Crawled caption data:
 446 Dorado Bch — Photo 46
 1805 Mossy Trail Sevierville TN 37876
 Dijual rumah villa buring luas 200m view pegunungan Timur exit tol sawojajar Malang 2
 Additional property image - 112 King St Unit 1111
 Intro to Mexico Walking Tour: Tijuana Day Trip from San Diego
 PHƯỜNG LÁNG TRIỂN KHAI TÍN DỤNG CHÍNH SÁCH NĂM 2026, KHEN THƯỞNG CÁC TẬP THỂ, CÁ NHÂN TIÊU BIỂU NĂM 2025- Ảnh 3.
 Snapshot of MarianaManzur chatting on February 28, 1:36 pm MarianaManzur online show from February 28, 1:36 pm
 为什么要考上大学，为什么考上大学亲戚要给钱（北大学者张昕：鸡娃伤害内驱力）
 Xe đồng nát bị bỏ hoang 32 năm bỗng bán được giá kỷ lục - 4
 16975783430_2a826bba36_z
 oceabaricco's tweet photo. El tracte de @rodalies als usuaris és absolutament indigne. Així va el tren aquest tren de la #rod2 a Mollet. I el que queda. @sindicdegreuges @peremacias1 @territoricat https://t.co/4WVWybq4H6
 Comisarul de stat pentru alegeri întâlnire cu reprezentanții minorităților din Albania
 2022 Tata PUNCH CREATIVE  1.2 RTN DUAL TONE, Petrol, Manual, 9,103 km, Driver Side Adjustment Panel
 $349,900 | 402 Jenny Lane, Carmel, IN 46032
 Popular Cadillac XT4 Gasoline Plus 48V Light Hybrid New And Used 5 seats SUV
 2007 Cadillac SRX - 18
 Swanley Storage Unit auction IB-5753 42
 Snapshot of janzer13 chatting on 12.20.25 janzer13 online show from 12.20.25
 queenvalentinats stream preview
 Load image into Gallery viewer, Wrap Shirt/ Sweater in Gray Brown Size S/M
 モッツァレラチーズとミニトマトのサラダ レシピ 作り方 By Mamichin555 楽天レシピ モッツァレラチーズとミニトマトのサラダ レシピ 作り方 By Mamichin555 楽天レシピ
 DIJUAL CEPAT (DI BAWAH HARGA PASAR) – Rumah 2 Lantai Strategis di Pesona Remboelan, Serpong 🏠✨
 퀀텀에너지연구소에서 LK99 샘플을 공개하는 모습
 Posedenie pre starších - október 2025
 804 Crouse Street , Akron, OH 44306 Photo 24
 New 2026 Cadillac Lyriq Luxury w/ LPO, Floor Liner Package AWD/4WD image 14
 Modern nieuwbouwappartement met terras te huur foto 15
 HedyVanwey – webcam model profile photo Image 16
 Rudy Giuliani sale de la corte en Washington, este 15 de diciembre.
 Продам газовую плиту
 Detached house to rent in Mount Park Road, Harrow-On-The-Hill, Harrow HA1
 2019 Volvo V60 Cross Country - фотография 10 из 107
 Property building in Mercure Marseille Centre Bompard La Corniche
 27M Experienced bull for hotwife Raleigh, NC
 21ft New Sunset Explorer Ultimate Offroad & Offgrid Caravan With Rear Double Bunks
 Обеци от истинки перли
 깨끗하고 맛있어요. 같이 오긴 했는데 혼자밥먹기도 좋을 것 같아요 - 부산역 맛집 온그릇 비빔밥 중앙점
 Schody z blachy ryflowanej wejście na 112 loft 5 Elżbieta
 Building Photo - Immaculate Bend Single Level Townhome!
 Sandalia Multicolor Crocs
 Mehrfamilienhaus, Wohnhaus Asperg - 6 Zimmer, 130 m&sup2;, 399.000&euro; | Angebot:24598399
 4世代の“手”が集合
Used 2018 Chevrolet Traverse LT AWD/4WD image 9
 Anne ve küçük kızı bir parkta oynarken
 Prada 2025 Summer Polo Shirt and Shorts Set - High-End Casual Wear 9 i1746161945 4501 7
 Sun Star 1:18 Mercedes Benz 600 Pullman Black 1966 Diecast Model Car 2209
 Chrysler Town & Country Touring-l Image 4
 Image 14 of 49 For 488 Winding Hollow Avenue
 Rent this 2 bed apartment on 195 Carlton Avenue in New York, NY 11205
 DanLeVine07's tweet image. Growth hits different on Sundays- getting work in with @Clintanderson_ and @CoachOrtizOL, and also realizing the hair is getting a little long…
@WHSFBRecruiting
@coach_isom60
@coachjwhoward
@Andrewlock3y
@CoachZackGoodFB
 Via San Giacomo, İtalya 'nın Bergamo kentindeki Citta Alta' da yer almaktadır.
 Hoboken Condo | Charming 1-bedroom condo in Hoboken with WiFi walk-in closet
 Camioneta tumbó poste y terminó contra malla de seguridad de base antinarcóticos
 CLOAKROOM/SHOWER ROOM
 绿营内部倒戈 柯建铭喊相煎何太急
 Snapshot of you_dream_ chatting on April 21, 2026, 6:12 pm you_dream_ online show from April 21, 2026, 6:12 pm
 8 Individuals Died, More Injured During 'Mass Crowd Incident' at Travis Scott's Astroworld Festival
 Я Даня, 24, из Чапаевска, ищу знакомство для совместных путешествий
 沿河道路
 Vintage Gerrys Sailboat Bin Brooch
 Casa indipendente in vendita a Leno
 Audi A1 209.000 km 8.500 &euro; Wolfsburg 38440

WORK INSTRUCTION: Exactly and without omission, set down every entry.

WRITTEN ANSWER:
 446 Dorado Bch — Photo 46
 1805 Mossy Trail Sevierville TN 37876
 Dijual rumah villa buring luas 200m view pegunungan Timur exit tol sawojajar Malang 2
 Additional property image - 112 King St Unit 1111
 Intro to Mexico Walking Tour: Tijuana Day Trip from San Diego
 PHƯỜNG LÁNG TRIỂN KHAI TÍN DỤNG CHÍNH SÁCH NĂM 2026, KHEN THƯỞNG CÁC TẬP THỂ, CÁ NHÂN TIÊU BIỂU NĂM 2025- Ảnh 3.
 Snapshot of MarianaManzur chatting on February 28, 1:36 pm MarianaManzur online show from February 28, 1:36 pm
 为什么要考上大学，为什么考上大学亲戚要给钱（北大学者张昕：鸡娃伤害内驱力）
 Xe đồng nát bị bỏ hoang 32 năm bỗng bán được giá kỷ lục - 4
 16975783430_2a826bba36_z
 oceabaricco's tweet photo. El tracte de @rodalies als usuaris és absolutament indigne. Així va el tren aquest tren de la #rod2 a Mollet. I el que queda. @sindicdegreuges @peremacias1 @territoricat https://t.co/4WVWybq4H6
 Comisarul de stat pentru alegeri întâlnire cu reprezentanții minorităților din Albania
 2022 Tata PUNCH CREATIVE  1.2 RTN DUAL TONE, Petrol, Manual, 9,103 km, Driver Side Adjustment Panel
 $349,900 | 402 Jenny Lane, Carmel, IN 46032
 Popular Cadillac XT4 Gasoline Plus 48V Light Hybrid New And Used 5 seats SUV
 2007 Cadillac SRX - 18
 Swanley Storage Unit auction IB-5753 42
 Snapshot of janzer13 chatting on 12.20.25 janzer13 online show from 12.20.25
 queenvalentinats stream preview
 Load image into Gallery viewer, Wrap Shirt/ Sweater in Gray Brown Size S/M
 モッツァレラチーズとミニトマトのサラダ レシピ 作り方 By Mamichin555 楽天レシピ モッツァレラチーズとミニトマトのサラダ レシピ 作り方 By Mamichin555 楽天レシピ
 DIJUAL CEPAT (DI BAWAH HARGA PASAR) – Rumah 2 Lantai Strategis di Pesona Remboelan, Serpong 🏠✨
 퀀텀에너지연구소에서 LK99 샘플을 공개하는 모습
 Posedenie pre starších - október 2025
 804 Crouse Street , Akron, OH 44306 Photo 24
 New 2026 Cadillac Lyriq Luxury w/ LPO, Floor Liner Package AWD/4WD image 14
 Modern nieuwbouwappartement met terras te huur foto 15
 HedyVanwey – webcam model profile photo Image 16
 Rudy Giuliani sale de la corte en Washington, este 15 de diciembre.
 Продам газовую плиту
 Detached house to rent in Mount Park Road, Harrow-On-The-Hill, Harrow HA1
 2019 Volvo V60 Cross Country - фотография 10 из 107
 Property building in Mercure Marseille Centre Bompard La Corniche
 27M Experienced bull for hotwife Raleigh, NC
 21ft New Sunset Explorer Ultimate Offroad & Offgrid Caravan With Rear Double Bunks
 Обеци от истинки перли
 깨끗하고 맛있어요. 같이 오긴 했는데 혼자밥먹기도 좋을 것 같아요 - 부산역 맛집 온그릇 비빔밥 중앙점
 Schody z blachy ryflowanej wejście na 112 loft 5 Elżbieta
 Building Photo - Immaculate Bend Single Level Townhome!
 Sandalia Multicolor Crocs
 Mehrfamilienhaus, Wohnhaus Asperg - 6 Zimmer, 130 m&sup2;, 399.000&euro; | Angebot:24598399
 4世代の“手”が集合
Used 2018 Chevrolet Traverse LT AWD/4WD image 9
 Anne ve küçük kızı bir parkta oynarken
 Prada 2025 Summer Polo Shirt and Shorts Set - High-End Casual Wear 9 i1746161945 4501 7
 Sun Star 1:18 Mercedes Benz 600 Pullman Black 1966 Diecast Model Car 2209
 Chrysler Town & Country Touring-l Image 4
 Image 14 of 49 For 488 Winding Hollow Avenue
 Rent this 2 bed apartment on 195 Carlton Avenue in New York, NY 11205
 DanLeVine07's tweet image. Growth hits different on Sundays- getting work in with @Clintanderson_ and @CoachOrtizOL, and also realizing the hair is getting a little long…
@WHSFBRecruiting
@coach_isom60
@coachjwhoward
@Andrewlock3y
@CoachZackGoodFB
 Via San Giacomo, İtalya 'nın Bergamo kentindeki Citta Alta' da yer almaktadır.
 Hoboken Condo | Charming 1-bedroom condo in Hoboken with WiFi walk-in closet
 Camioneta tumbó poste y terminó contra malla de seguridad de base antinarcóticos
 CLOAKROOM/SHOWER ROOM
 绿营内部倒戈 柯建铭喊相煎何太急
 Snapshot of you_dream_ chatting on April 21, 2026, 6:12 pm you_dream_ online show from April 21, 2026, 6:12 pm
 8 Individuals Died, More Injured During 'Mass Crowd Incident' at Travis Scott's Astroworld Festival
 Я Даня, 24, из Чапаевска, ищу знакомство для совместных путешествий
 沿河道路
 Vintage Gerrys Sailboat Bin Brooch
 Casa indipendente in vendita a Leno
 Audi A1 209.000 km 8.500 &euro; Wolfsburg 38440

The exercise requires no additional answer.